After adding a node into the machine, top cpuset's mems isn't updated.
By reviewing the code, we found that the update function
cpuset_track_online_nodes()
was invoked after node_states[N_ONLINE] changes. It is wrong because N_ONLINE
just means node has pgdat, and if node has/added memory, we use N_HIGH_MEMORY.
So, We should invoke the update function after node_states[N_HIGH_MEMORY]
changes, just like its commit says.
This patch fixes it. And we use notifier of memory hotplug instead of direct
calling of cpuset_track_online_nodes().
Signed-off-by: Miao Xie <[email protected]>
Cc: Yasunori Goto <[email protected]>
---
include/linux/cpuset.h | 4 ----
kernel/cpuset.c | 19 ++++++++++++++++---
mm/memory_hotplug.c | 3 ---
3 files changed, 16 insertions(+), 10 deletions(-)

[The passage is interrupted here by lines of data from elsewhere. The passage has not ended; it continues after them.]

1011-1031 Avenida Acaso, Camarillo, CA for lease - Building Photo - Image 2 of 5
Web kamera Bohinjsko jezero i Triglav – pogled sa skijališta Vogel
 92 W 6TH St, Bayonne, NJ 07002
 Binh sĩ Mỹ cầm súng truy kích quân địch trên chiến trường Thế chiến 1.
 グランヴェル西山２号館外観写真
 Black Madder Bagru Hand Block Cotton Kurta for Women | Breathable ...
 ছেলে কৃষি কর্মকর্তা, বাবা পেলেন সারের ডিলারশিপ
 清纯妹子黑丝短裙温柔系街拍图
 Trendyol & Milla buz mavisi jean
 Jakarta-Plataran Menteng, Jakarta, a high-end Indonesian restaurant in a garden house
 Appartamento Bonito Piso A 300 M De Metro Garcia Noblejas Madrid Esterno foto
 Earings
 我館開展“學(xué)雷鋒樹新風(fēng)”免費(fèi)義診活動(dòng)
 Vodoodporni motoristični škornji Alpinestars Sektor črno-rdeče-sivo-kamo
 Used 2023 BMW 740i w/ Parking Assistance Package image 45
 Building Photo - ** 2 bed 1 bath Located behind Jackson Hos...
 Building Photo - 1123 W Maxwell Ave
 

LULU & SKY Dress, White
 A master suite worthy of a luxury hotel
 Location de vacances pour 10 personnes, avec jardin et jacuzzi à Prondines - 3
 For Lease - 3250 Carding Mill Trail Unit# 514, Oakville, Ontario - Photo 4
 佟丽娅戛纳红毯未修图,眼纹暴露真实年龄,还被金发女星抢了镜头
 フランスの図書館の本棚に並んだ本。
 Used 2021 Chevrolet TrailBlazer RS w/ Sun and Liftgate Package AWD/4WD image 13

diff --git a/include/linux/cpuset.h b/include/linux/cpuset.h
index 2691926..8e540d3 100644
--- a/include/linux/cpuset.h
+++ b/include/linux/cpuset.h
@@ -74,8 +74,6 @@ static inline int cpuset_do_slab_mem_spread(void)
return current->flags & PF_SPREAD_SLAB;
}
-extern void cpuset_track_online_nodes(void);
-
extern int current_cpuset_is_being_rebound(void);
extern void rebuild_sched_domains(void);
@@ -151,8 +149,6 @@ static inline int cpuset_do_slab_mem_spread(void)
return 0;
}
-static inline void cpuset_track_online_nodes(void) {}
-
static inline int current_cpuset_is_being_rebound(void)
{
return 0;
diff --git a/kernel/cpuset.c b/kernel/cpuset.c
index 3e00526..909a548 100644
--- a/kernel/cpuset.c
+++ b/kernel/cpuset.c
@@ -36,6 +36,7 @@
#include <linux/list.h>
#include <linux/mempolicy.h>
#include <linux/mm.h>
+#include <linux/memory.h>
#include <linux/module.h>
#include <linux/mount.h>
#include <linux/namei.h>
@@ -2011,12 +2012,23 @@ static int cpuset_track_online_cpus(struct notifier_block *unused_nb,
* Call this routine anytime after node_states[N_HIGH_MEMORY] changes.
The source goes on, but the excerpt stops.